== MATERIAL SUPPLIED ==

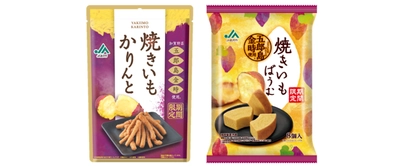 〈期間限定〉「五郎島金時」を使ったほっくり、優しい味わい 『ＪＡ金沢市 焼きいもかりんと』を新発売！ 昨年好評の『ＪＡ金沢市 焼きいもばうむ』も再発売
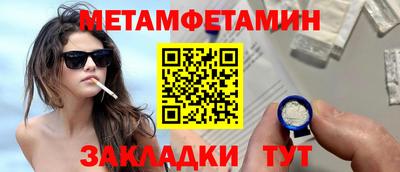 соль курить ск Конаково
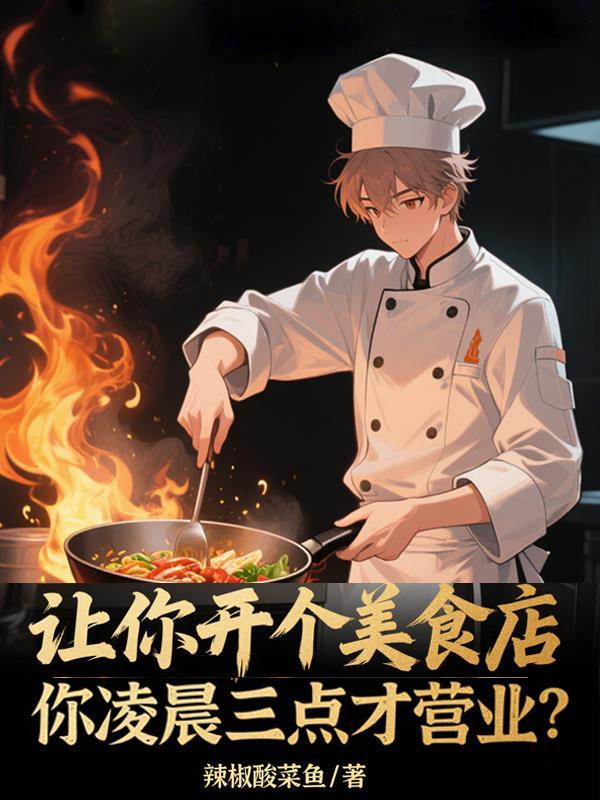 凌晨三点开业可以吗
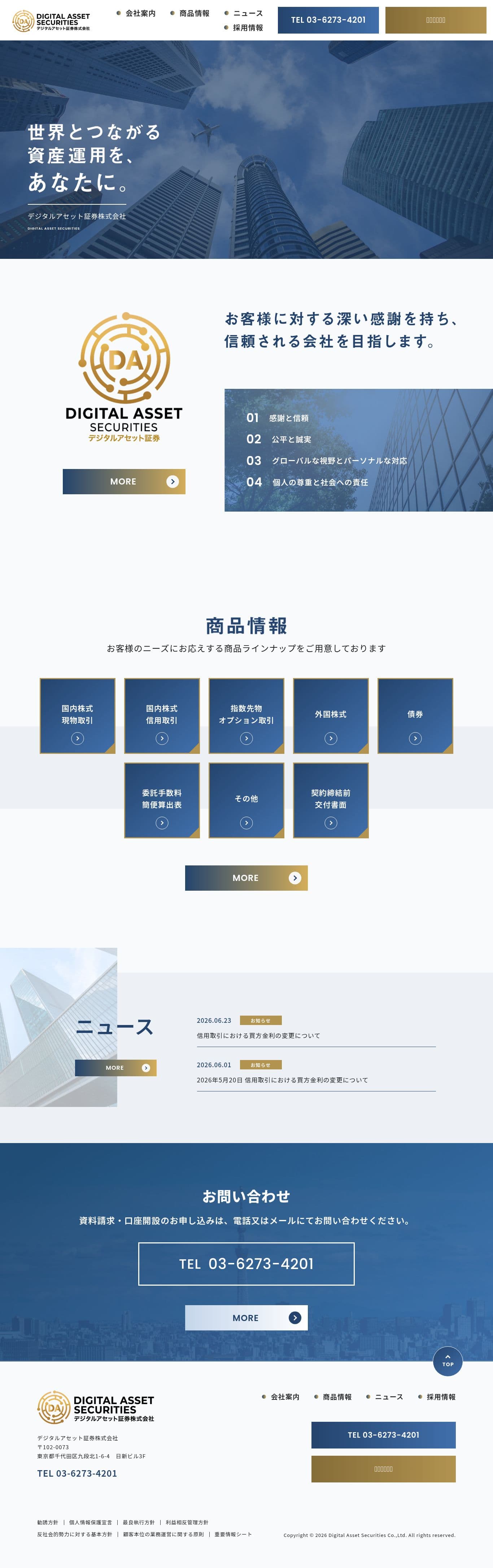 Homepage of one-asia.co.jp as we captured it
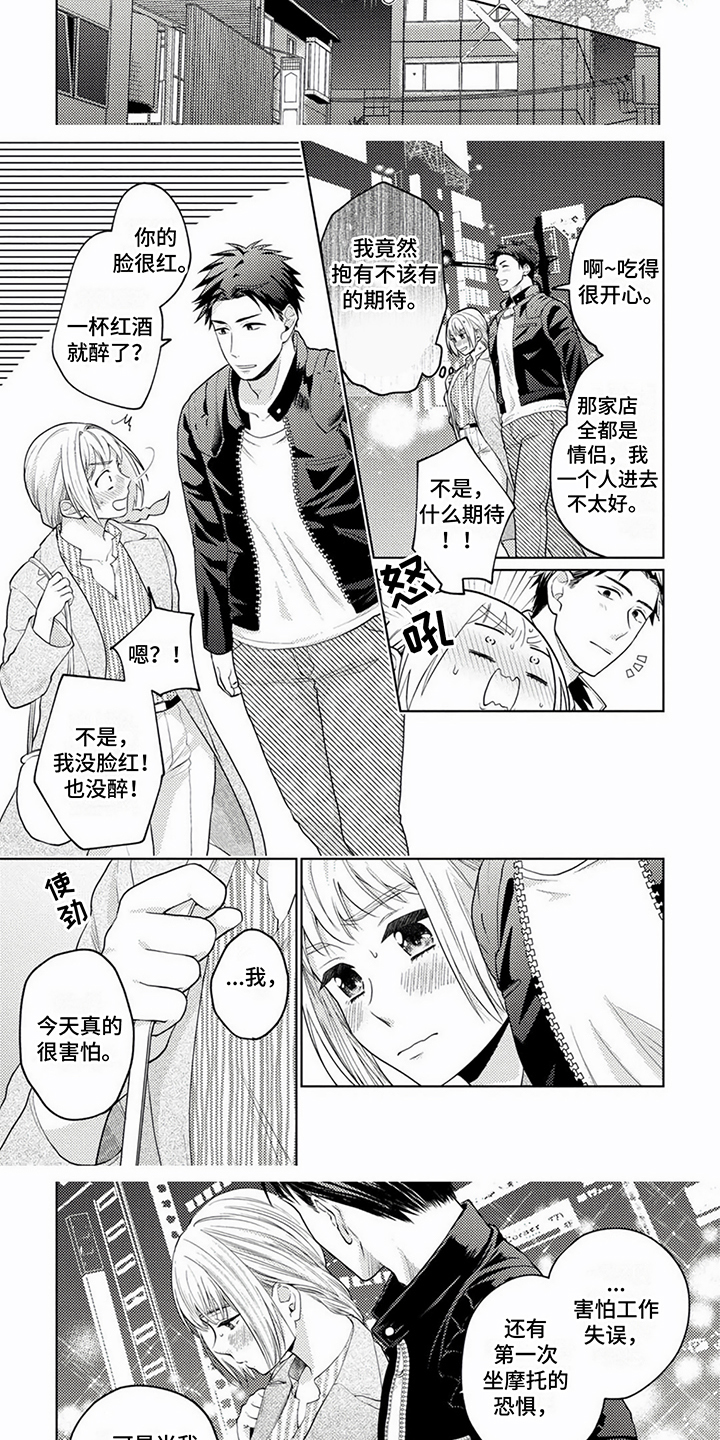 老板好可爱第3话图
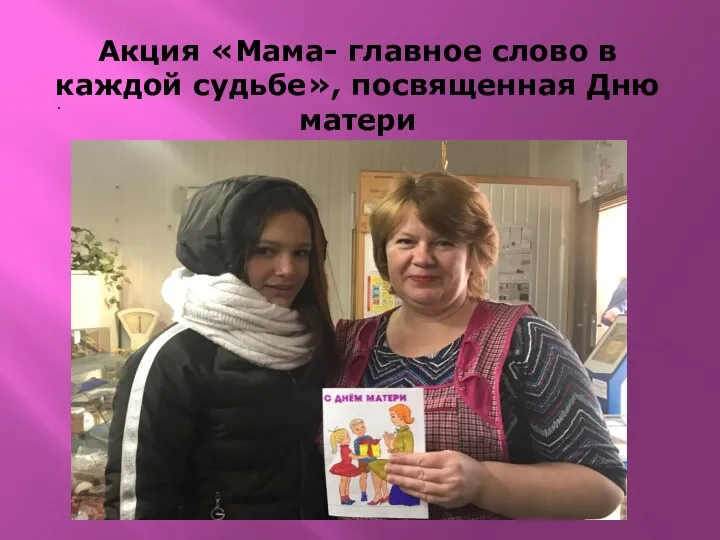 Акция «Мама- главное слово в каждой судьбе», посвященная Дню матери .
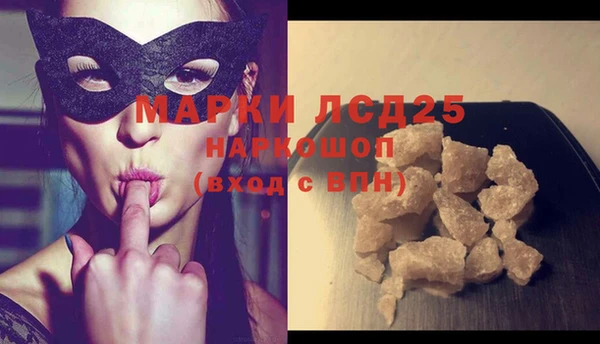 мет Аркадак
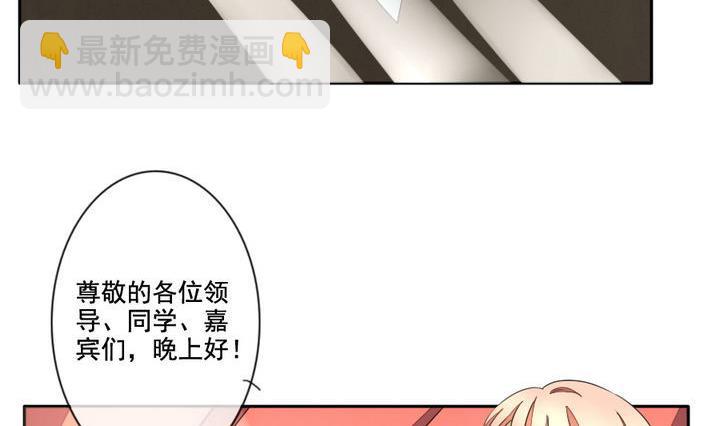 🍻拂晓的花嫁 第031话 满月与歌声 6 第8页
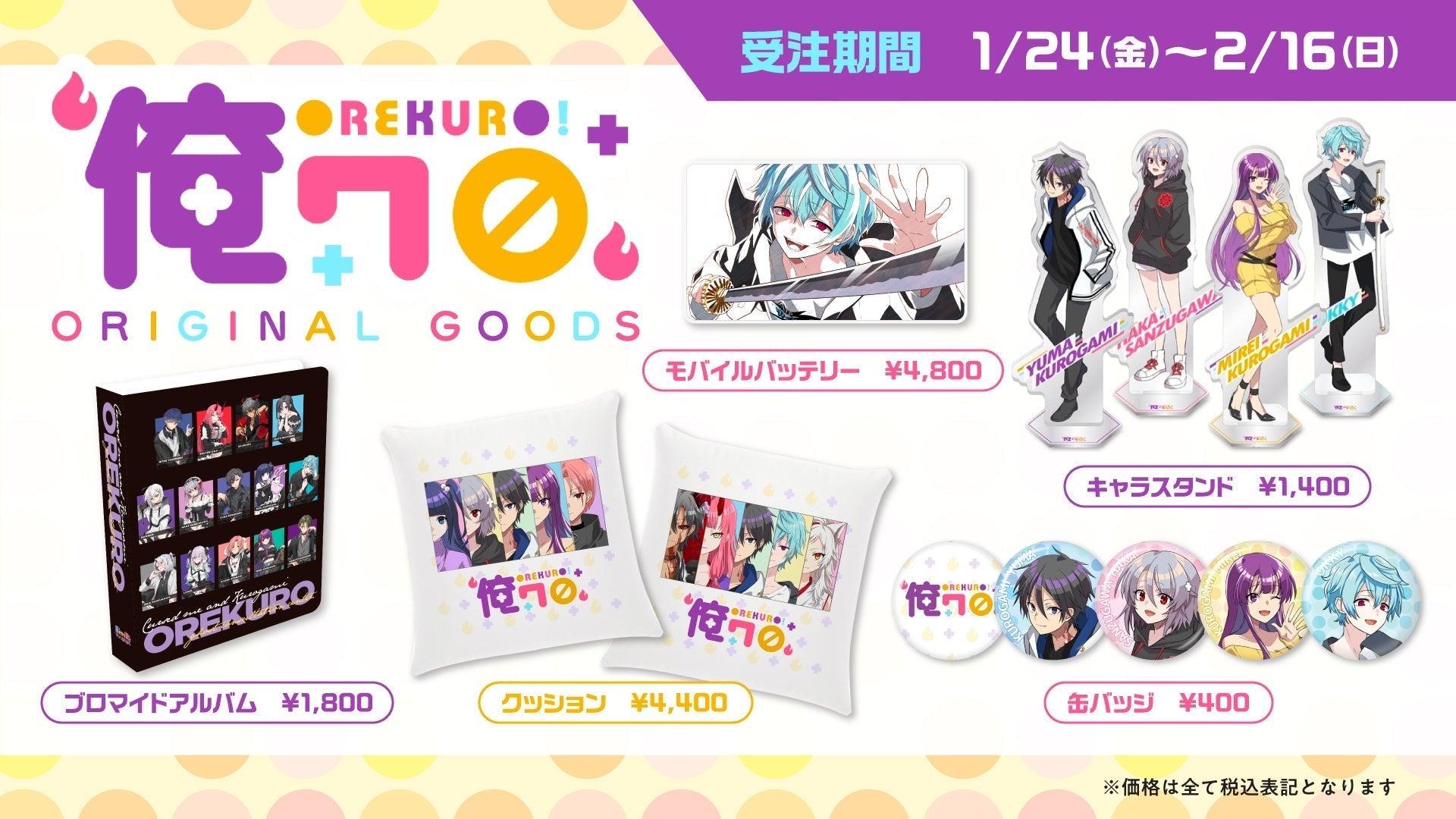 俺クロ』憑かれた俺と黒神心霊相談所 オリジナルグッズ発売
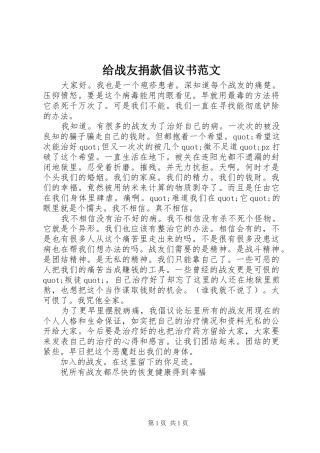 2024年给战友捐款倡议书范文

===

> _TASK DETAILS_
Please transcribe the entries exactly, omitting the images.

> _TASK ANSWER_
 〈期間限定〉「五郎島金時」を使ったほっくり、優しい味わい 『ＪＡ金沢市 焼きいもかりんと』を新発売！ 昨年好評の『ＪＡ金沢市 焼きいもばうむ』も再発売
 соль курить ск Конаково
 凌晨三点开业可以吗
 Homepage of one-asia.co.jp as we captured it
 老板好可爱第3话图
 Акция «Мама- главное слово в каждой судьбе», посвященная Дню матери .
 мет Аркадак
 🍻拂晓的花嫁 第031话 满月与歌声 6 第8页
 俺クロ』憑かれた俺と黒神心霊相談所 オリジナルグッズ発売
 2024年给战友捐款倡议书范文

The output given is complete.